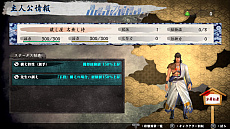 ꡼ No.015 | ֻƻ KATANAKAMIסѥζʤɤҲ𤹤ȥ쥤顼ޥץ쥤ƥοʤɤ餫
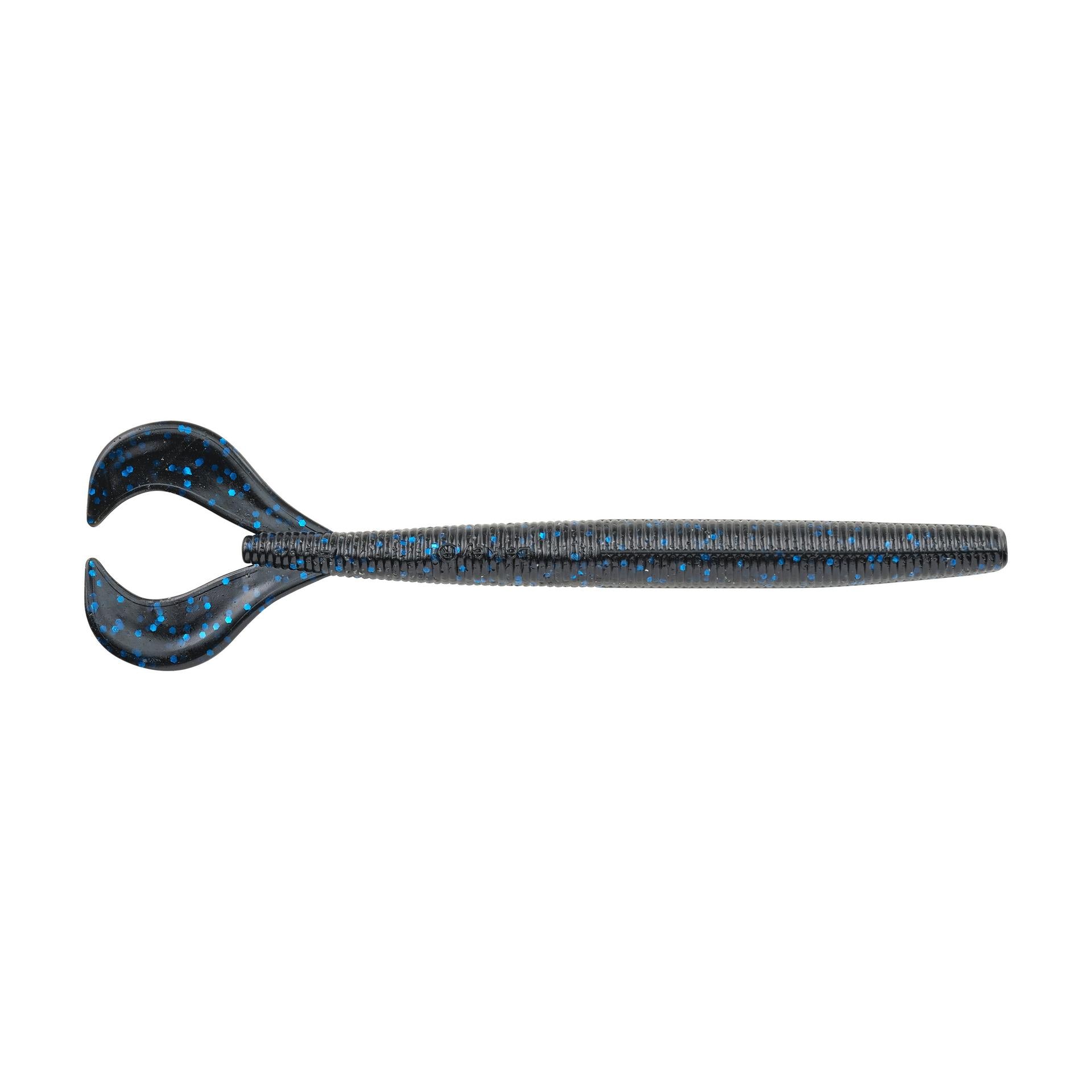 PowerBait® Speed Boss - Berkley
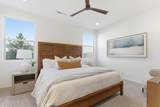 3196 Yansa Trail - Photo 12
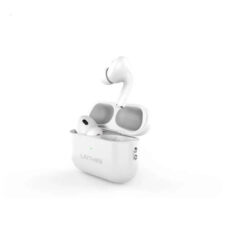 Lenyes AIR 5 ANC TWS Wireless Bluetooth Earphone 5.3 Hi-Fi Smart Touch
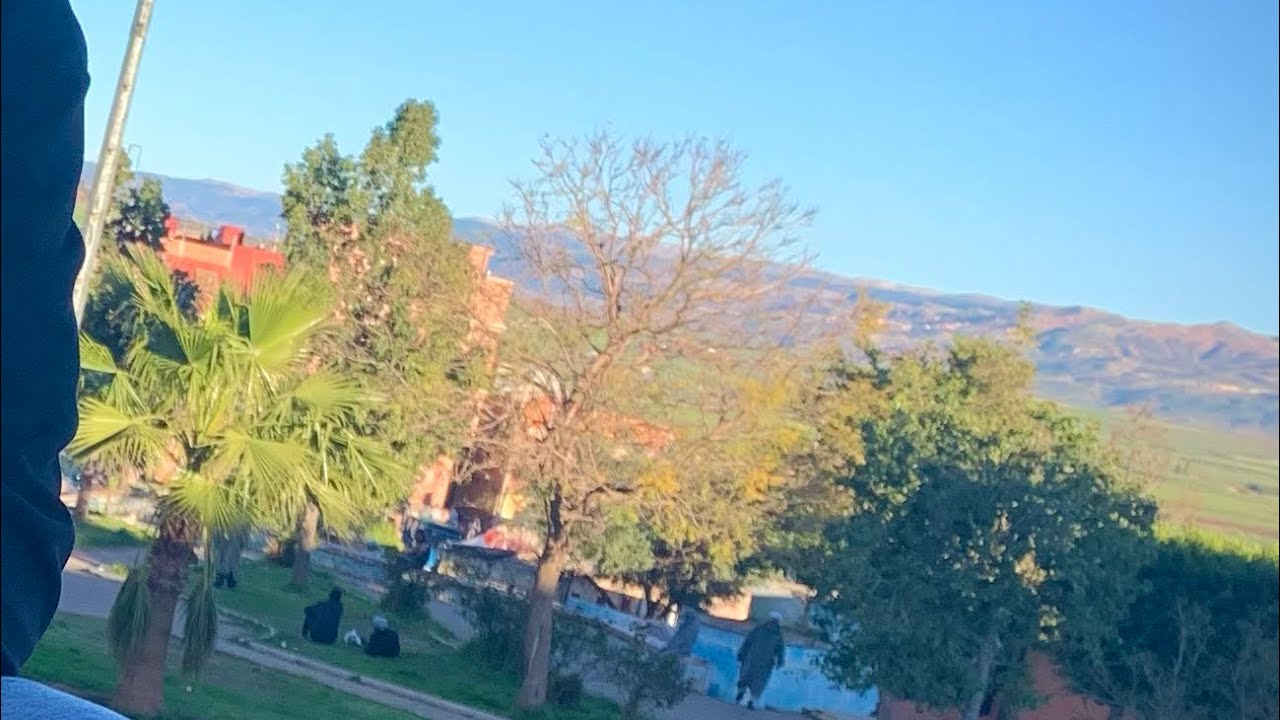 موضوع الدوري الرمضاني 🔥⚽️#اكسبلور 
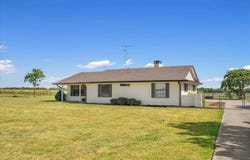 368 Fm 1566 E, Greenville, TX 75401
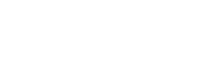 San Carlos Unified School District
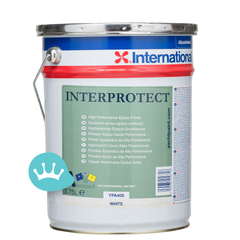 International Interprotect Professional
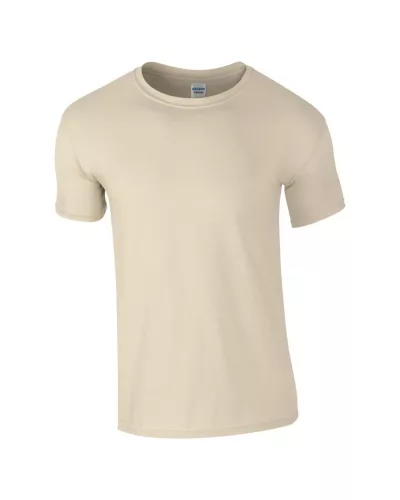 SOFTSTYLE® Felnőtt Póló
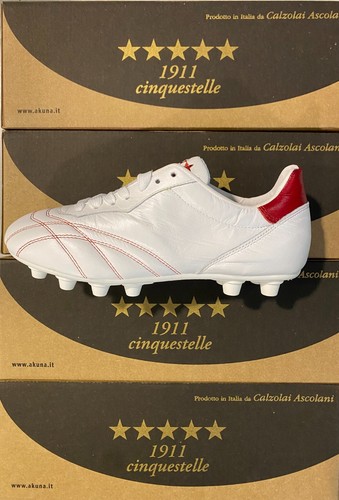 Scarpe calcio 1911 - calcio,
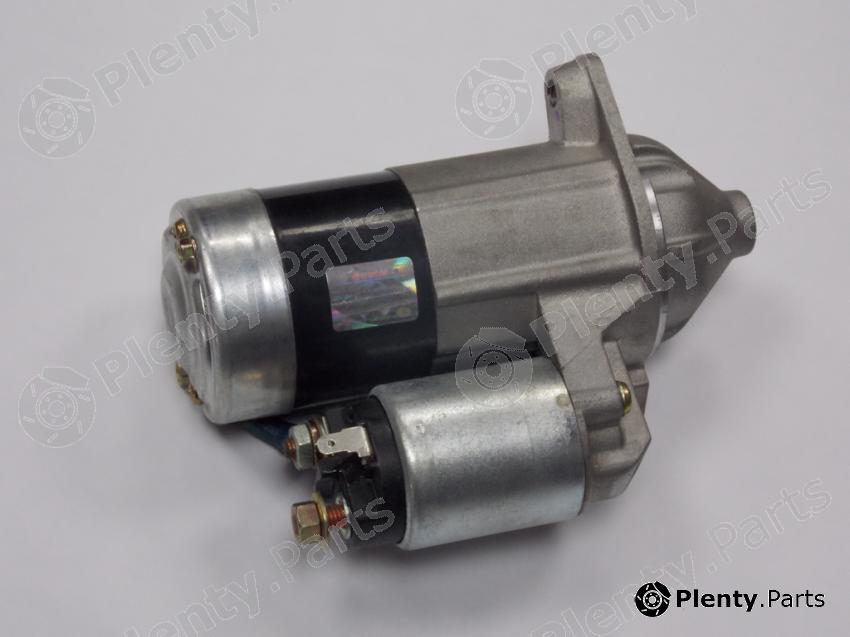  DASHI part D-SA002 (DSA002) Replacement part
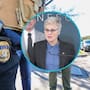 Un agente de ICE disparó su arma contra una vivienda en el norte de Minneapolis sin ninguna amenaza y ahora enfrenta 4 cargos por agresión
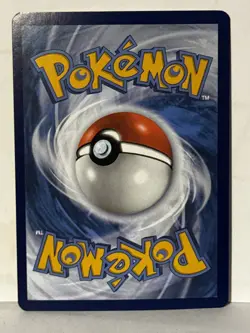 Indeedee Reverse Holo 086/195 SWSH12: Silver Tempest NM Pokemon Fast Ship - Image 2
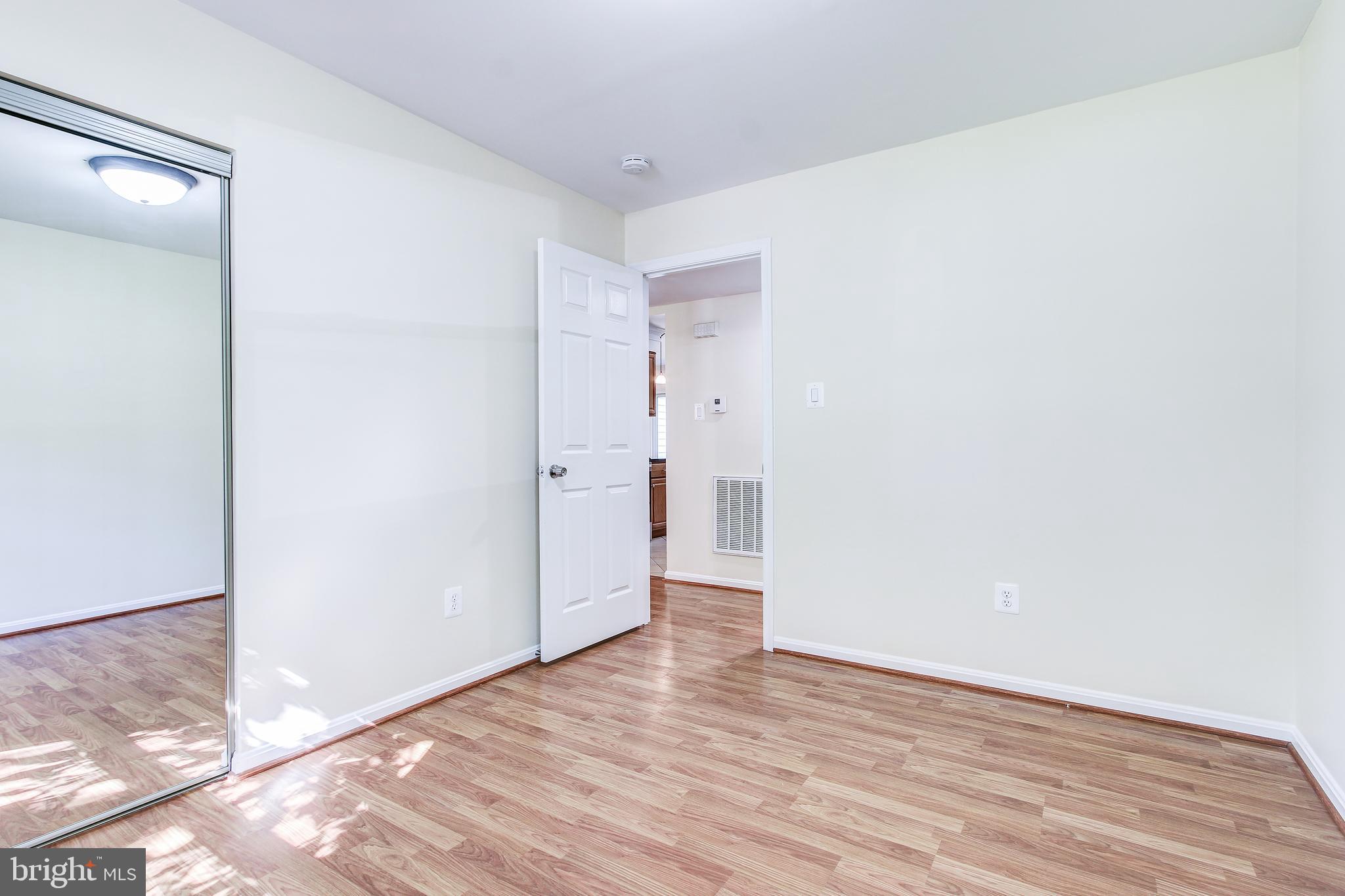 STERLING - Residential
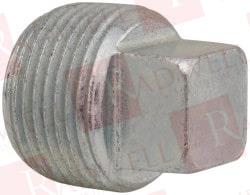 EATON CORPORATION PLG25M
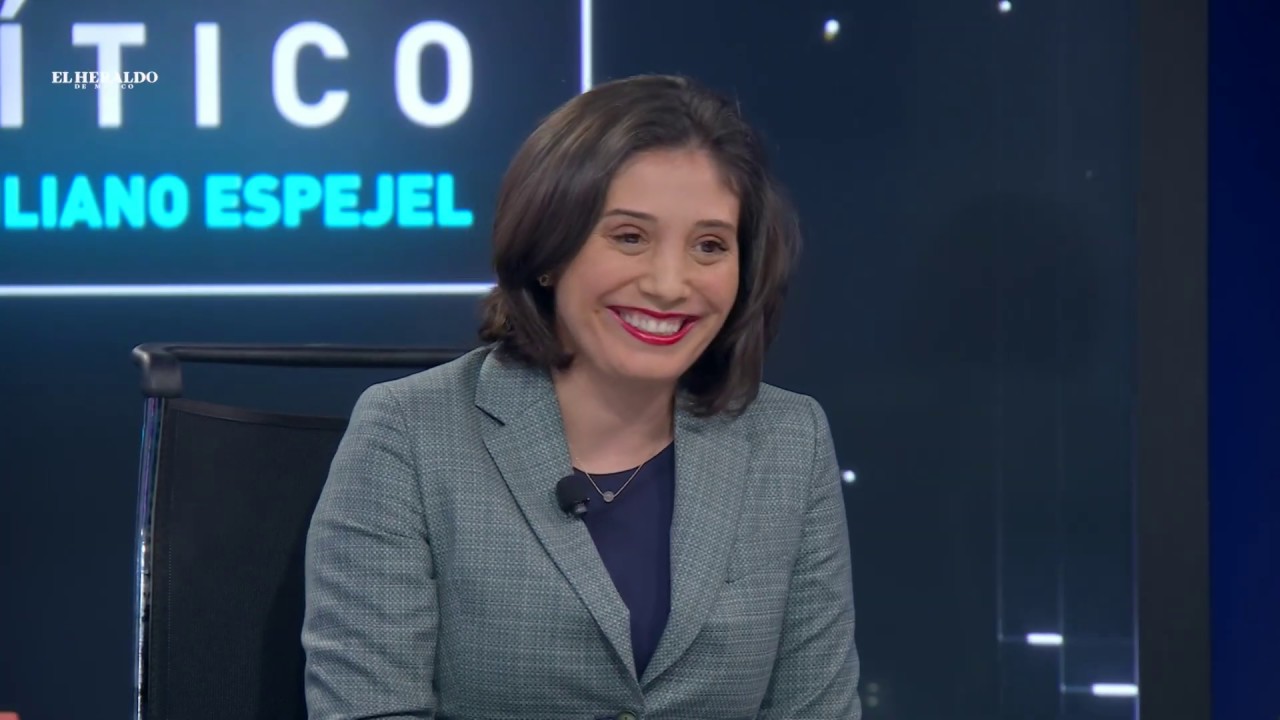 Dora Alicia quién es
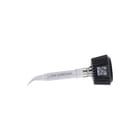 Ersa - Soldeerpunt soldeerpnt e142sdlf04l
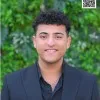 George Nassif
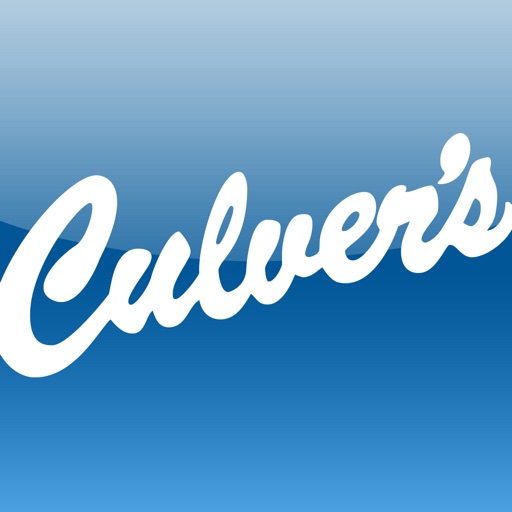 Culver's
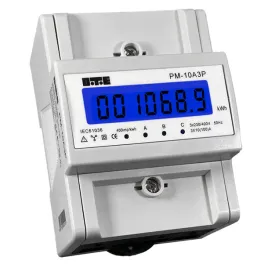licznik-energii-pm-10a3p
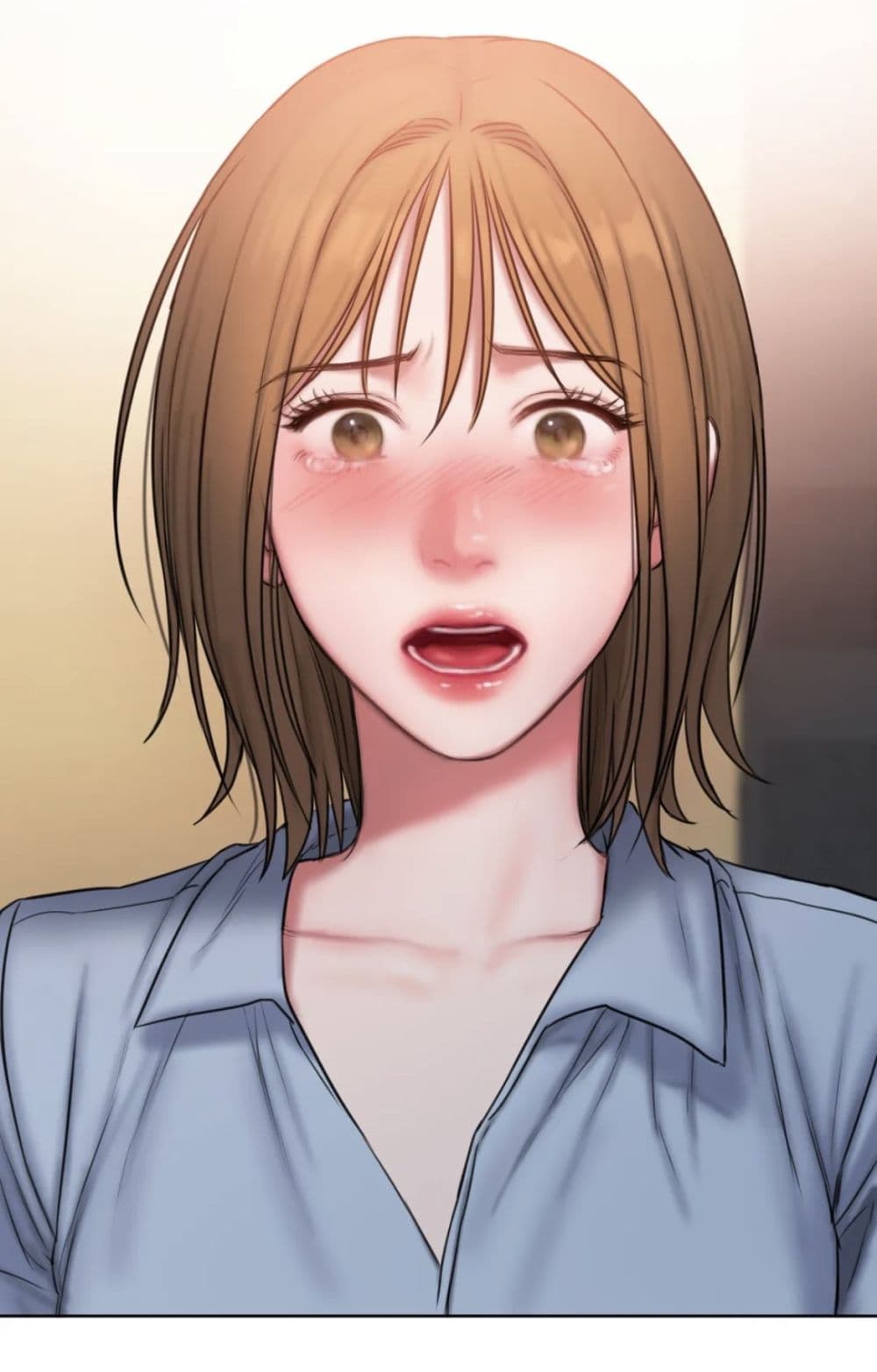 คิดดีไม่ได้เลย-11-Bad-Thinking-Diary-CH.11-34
==================================================
#### What you have to do:
Without the pictures, repeat all the records word for word.

#### Result below:
 ꡼ No.015 | ֻƻ KATANAKAMIסѥζʤɤҲ𤹤ȥ쥤顼ޥץ쥤ƥοʤɤ餫
 PowerBait® Speed Boss - Berkley
 3196 Yansa Trail - Photo 12
 Lenyes AIR 5 ANC TWS Wireless Bluetooth Earphone 5.3 Hi-Fi Smart Touch
 موضوع الدوري الرمضاني 🔥⚽️#اكسبلور 
 368 Fm 1566 E, Greenville, TX 75401
 San Carlos Unified School District
 International Interprotect Professional
 SOFTSTYLE® Felnőtt Póló
 Scarpe calcio 1911 - calcio,
  DASHI part D-SA002 (DSA002) Replacement part
 Un agente de ICE disparó su arma contra una vivienda en el norte de Minneapolis sin ninguna amenaza y ahora enfrenta 4 cargos por agresión
 Indeedee Reverse Holo 086/195 SWSH12: Silver Tempest NM Pokemon Fast Ship - Image 2
 STERLING - Residential
 EATON CORPORATION PLG25M
 Dora Alicia quién es
 Ersa - Soldeerpunt soldeerpnt e142sdlf04l
 George Nassif
 Culver's
licznik-energii-pm-10a3p
 คิดดีไม่ได้เลย-11-Bad-Thinking-Diary-CH.11-34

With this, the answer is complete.